Explicit and spoilerific review follows.
I feel a bit guilty about Laurell K. Hamilton (LKH) and urban fantasy in general because I was an early adopter. Waaaaaaaaaay back when, I remember reading a review in Locus magazine for Guilty Pleasures (Anita Blake Vampire Hunter) and deciding it sounded like a good thing, bought a copy. I whole heartedly and unreservedly recommend early LKH. It’s not deathless prose, but it’s page-turning fun. But now it seems like most of the books on the shelf are urban fantasy with a high romance quotient tending heavily to vampires and werewolves. Maybe if I didn’t want all the vampires and werewolves in my urban fantasy I should have given more money to Charles de Lint… but I think I did my part for him and his antlered people.
Long ago, I read an interview with Laurell where she said that if we are going to not look away from violence then we should not look away from sex (“love”) either. I believe that it’s book 6 of the series (The Killing Dance) where Laurell first decides to take an unblinking look at Anita’s love live and then never stop staring. The thing that bugs me the most, besides descriptions of sex drowning out plot, is this unblinking look at “love” which is kinda sideways squinty. Maybe it’s the sex ed for parents talk they gave at school, or maybe it’s that Laurell’s euphemisms aren’t my euphemisms. Whatever. If you’re going to talk about sex, use the words. Enough with “the edge of me”, “the length of him” or “that most sensitive bit”. Say it! Say labia, penis, and clitoris. If there’s supposed to be some poetry here then enough with the blow by blow, lick and thrust.
As I mentioned in the preview, the sex doesn’t start until the last 100 pages of Skin Trade and is relatively brief. There is even an extended event that takes place entirely off-stage (huzzah!). Maybe she’s finally getting as tired of it as we are. Now that I think of it, the last Meredith Gentry book (Swallowing Darkness) was also lighter on the prurient events.
Unfortunately in Skin Trade, the sex is not actually replaced with action.
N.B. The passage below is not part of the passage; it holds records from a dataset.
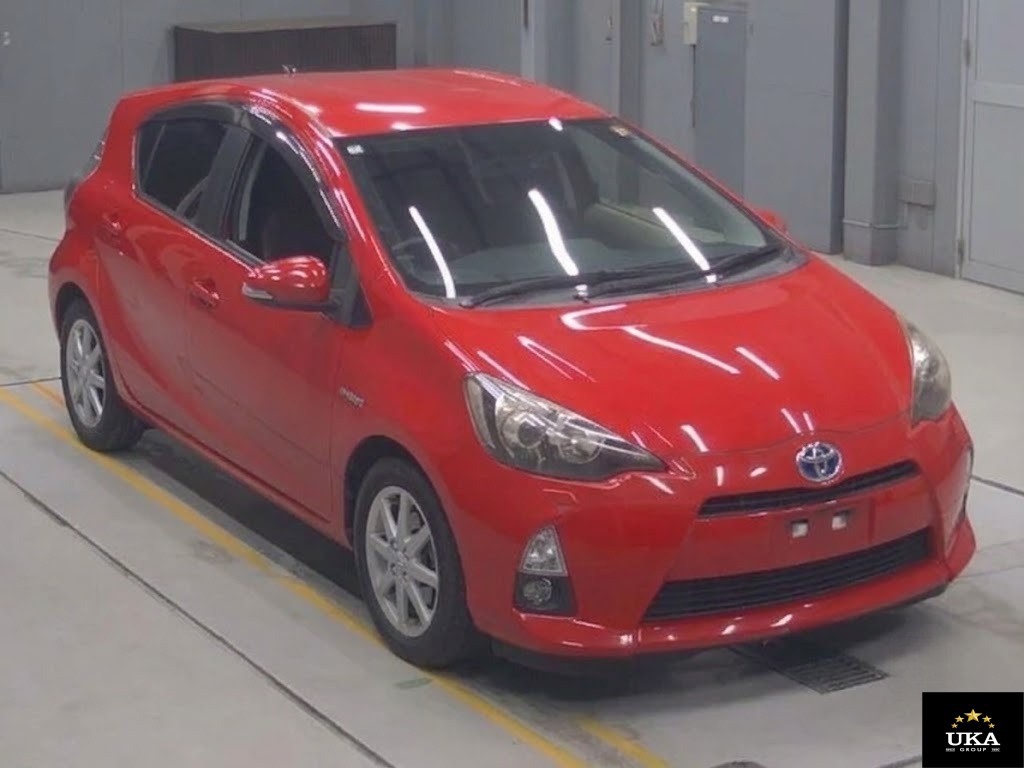 2012 Toyota Aqua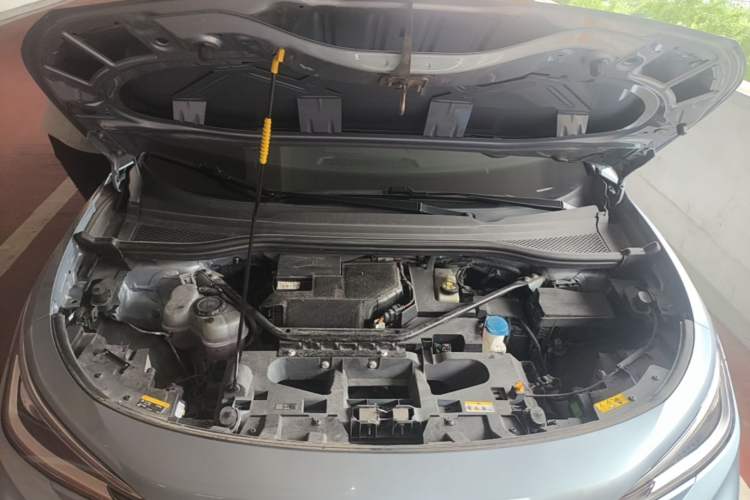Used Volkswagen ID.4 X 2022 Intelligent Long-Range Version Engine Bay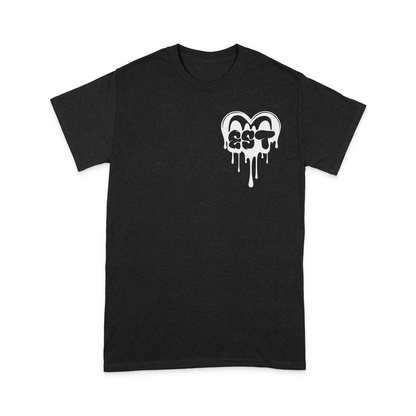 EST Drip Heart T-shirt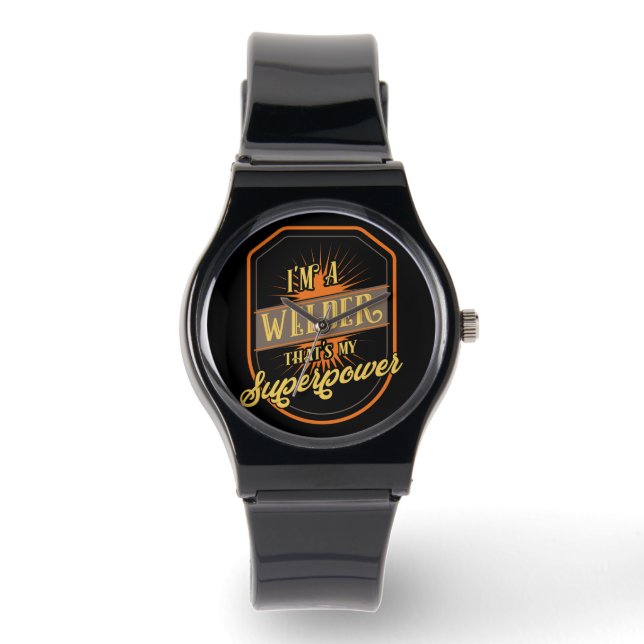 Welder Welding Watch (Front)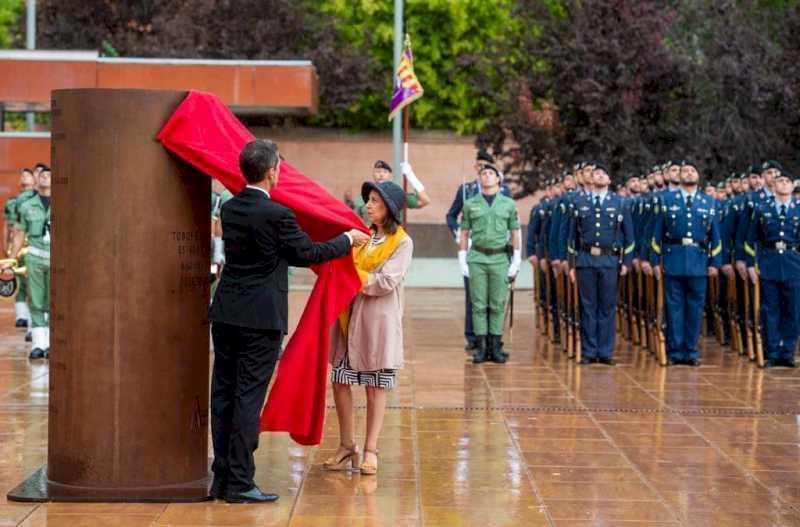 Alcalá – Alcalá aduce un omagiu victimelor ETA legate de oraș și inaugurează un monument în memoria lor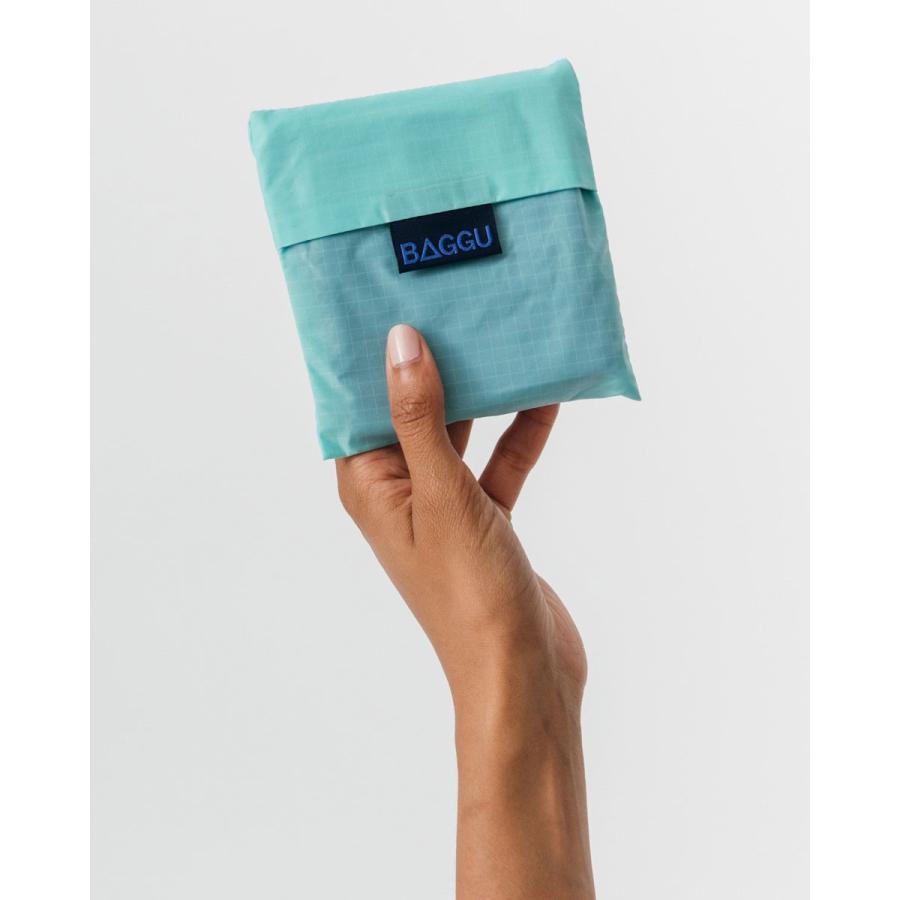 エコバッグ BAGGU 正規品 STANDARD BAGGU 折りたたみ ショッピングバッグ バグゥ スタンダード ブルーツートン |  | 04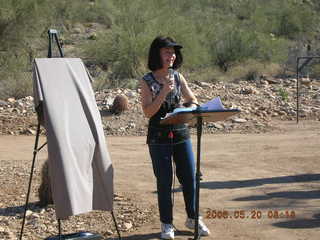 Lost Dog Wash trailhead ceremony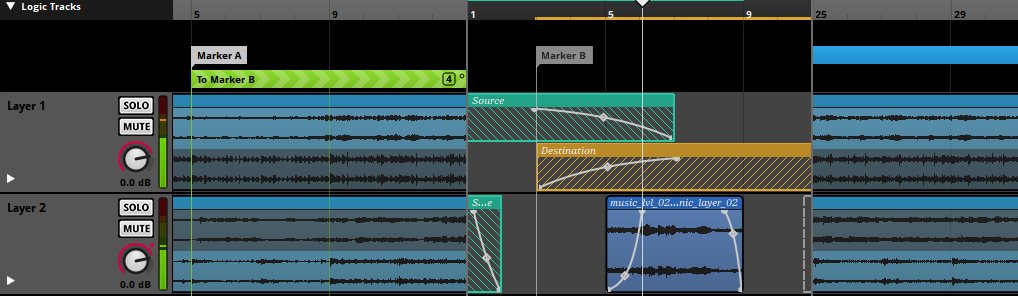 过渡时间轴淡入淡出
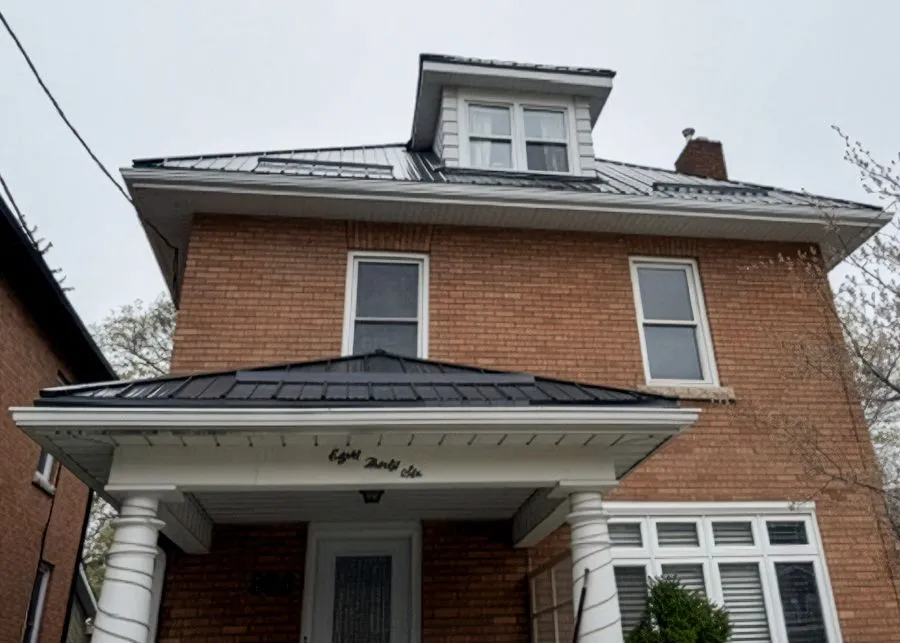 Residential exterior project — Lackner Exteriors, Owen Sound AB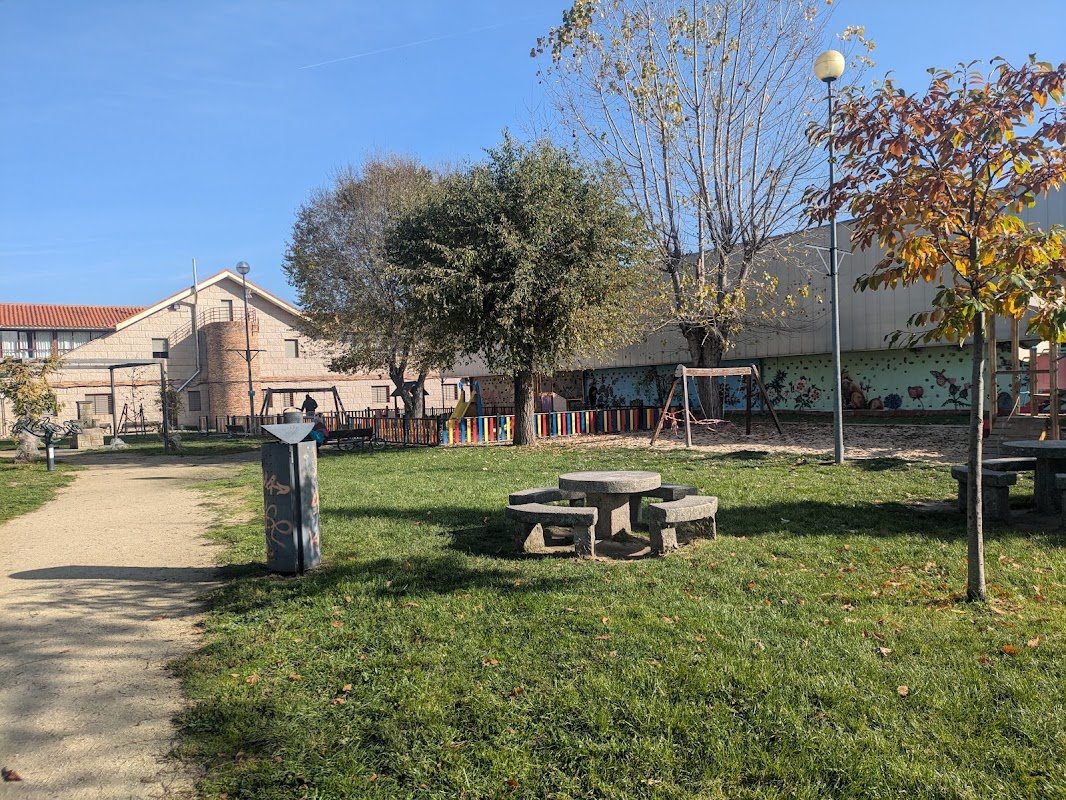Aparcamiento gratuito en Calle Escuelas en El Berrueco (Madrid)
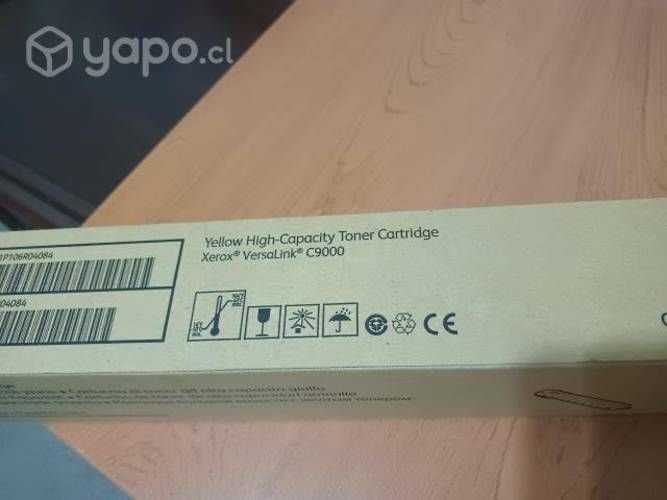 Tóner Xerox color amarillo 106R04084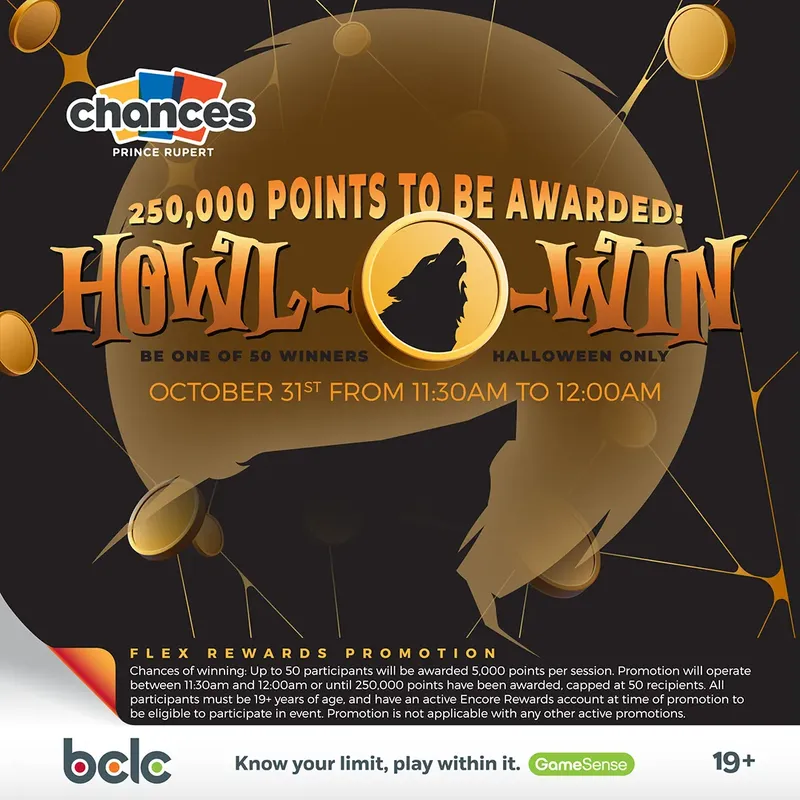 Howl-O-Win!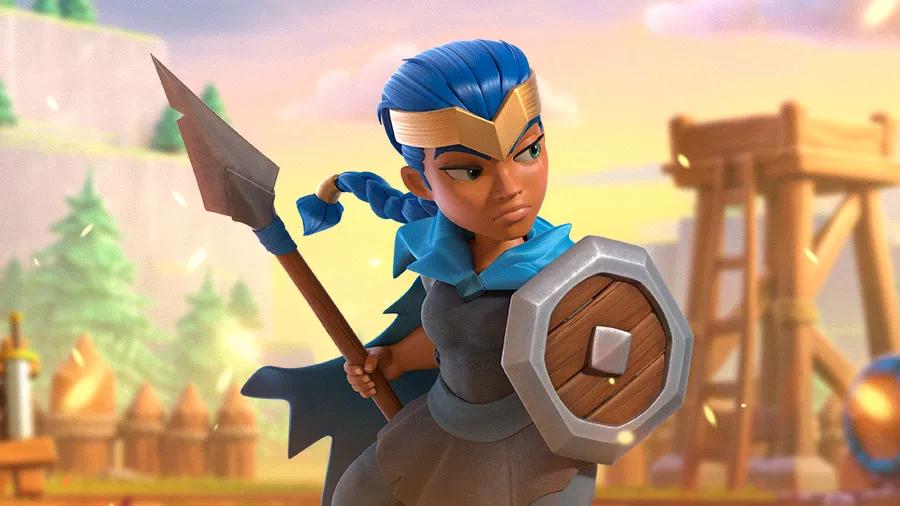 Förklaring av belöningsproblemet för dag 1 i Clash of Clans "Unleash the Duke"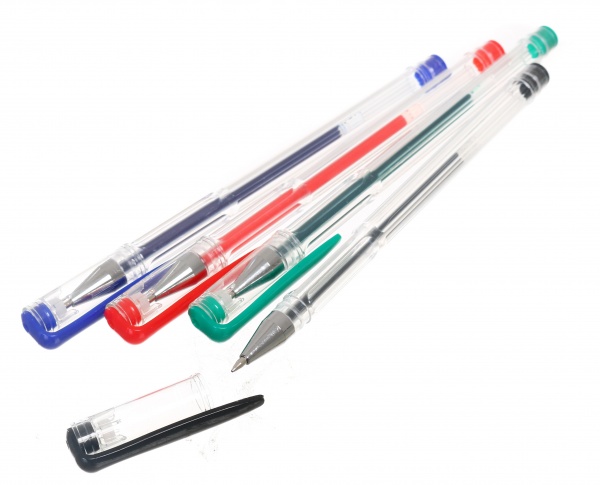 Набор ручек гелевых Nota Bene 4 шт. в ассортименте 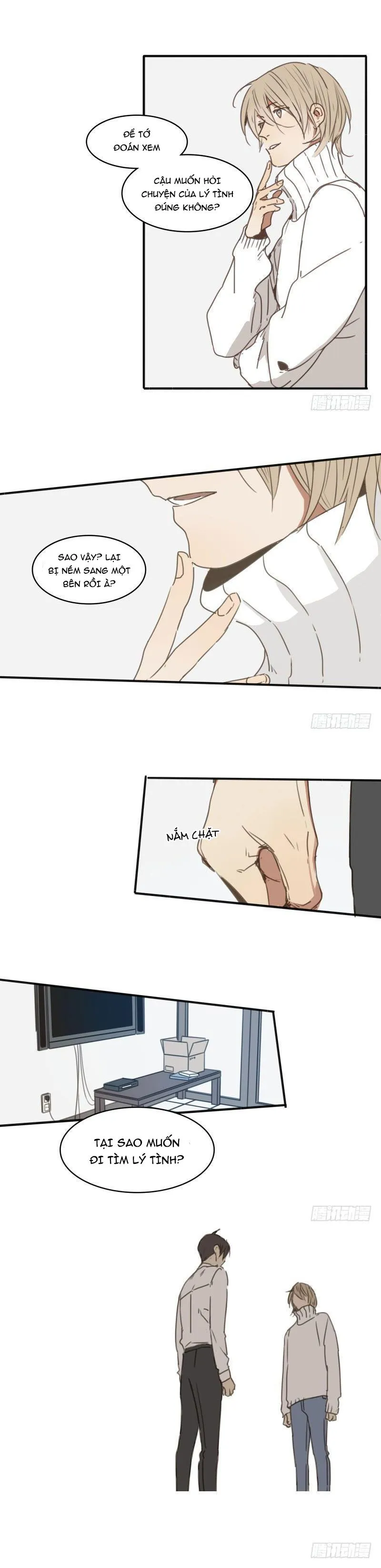 Sắc Thái Trầm Lặng Chapter 28 Trang 4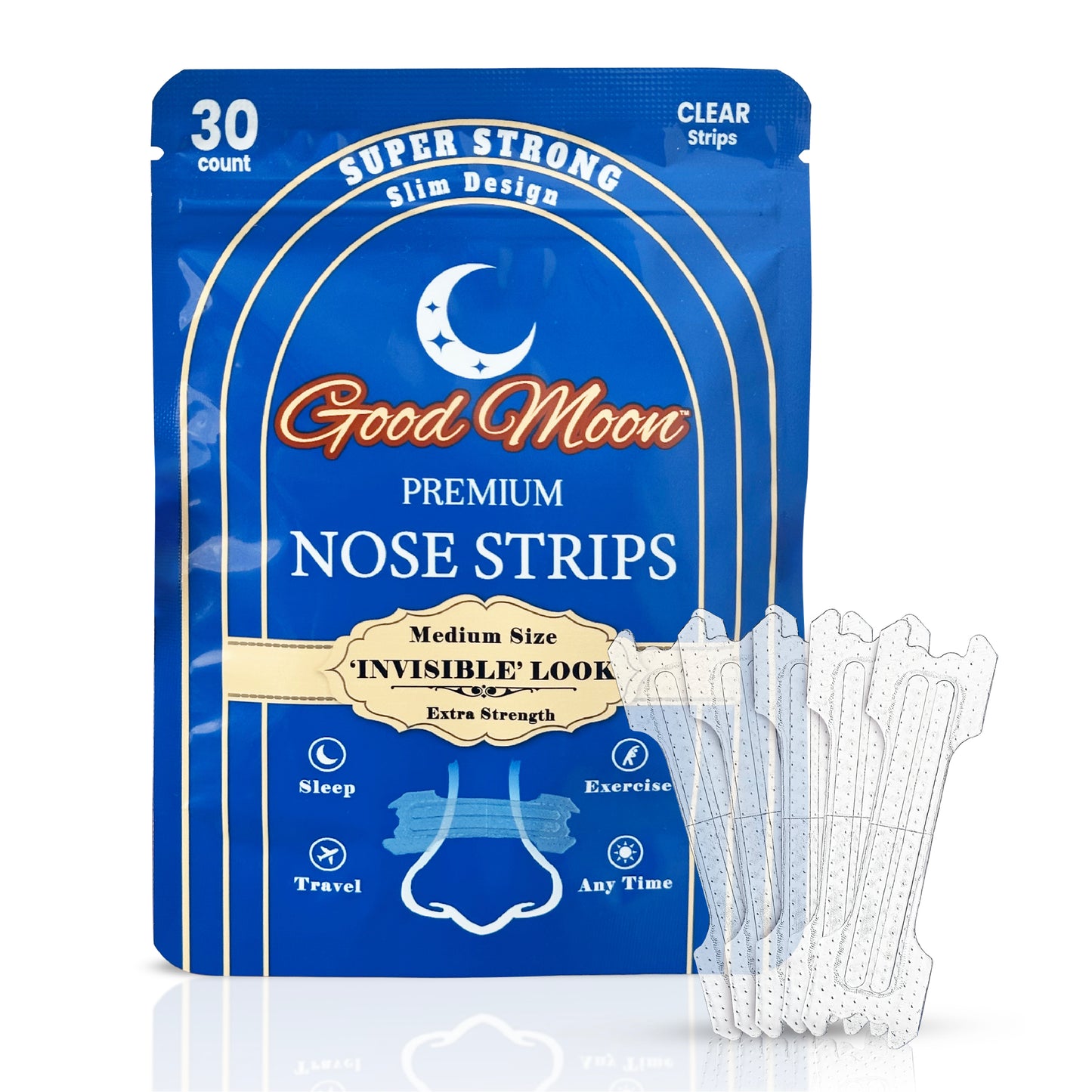 "Starter Pack" (30 Medium & 30 XL Strips)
There’s so much description and exposition that very little actually happens in the day and a half or so of book-time. Mostly, everyone talks about Anita. About her reputation and what they would like her to do. Anita feels conflicted and aggrieved by turns. Sometimes her friends and acquaintances defend her honour and protect her secrets, sometimes everyone is disgruntled.
One lover moves away and four and a half more are added to the roster. One major villain is disposed of, or is she? It happens off-stage through 3rd party reports. Another villain turns out to be a bigger fish than we originally thought, but he’s still thoroughly dead now.
The fine details of preternatural U.S. Marshall legalities was weird and felt a little like an indulgent tour around the Enterprise in space dock. The Vegas SWAT team, if only they didn’t drip testosterone and then still keep stopping to ask questions were an interesting idea. As I was anticipating this book, I was musing about how any helpful entities like the police officer witch (Tammy), the other animators (Larry), her PI friend (Ronnie), the occasional psychic, etc not to mention her police friends were for one reason or another not allowed to help anymore. It’s nice when the whole thing doesn’t feel so insular.
For hardcore/overly loyal fans only.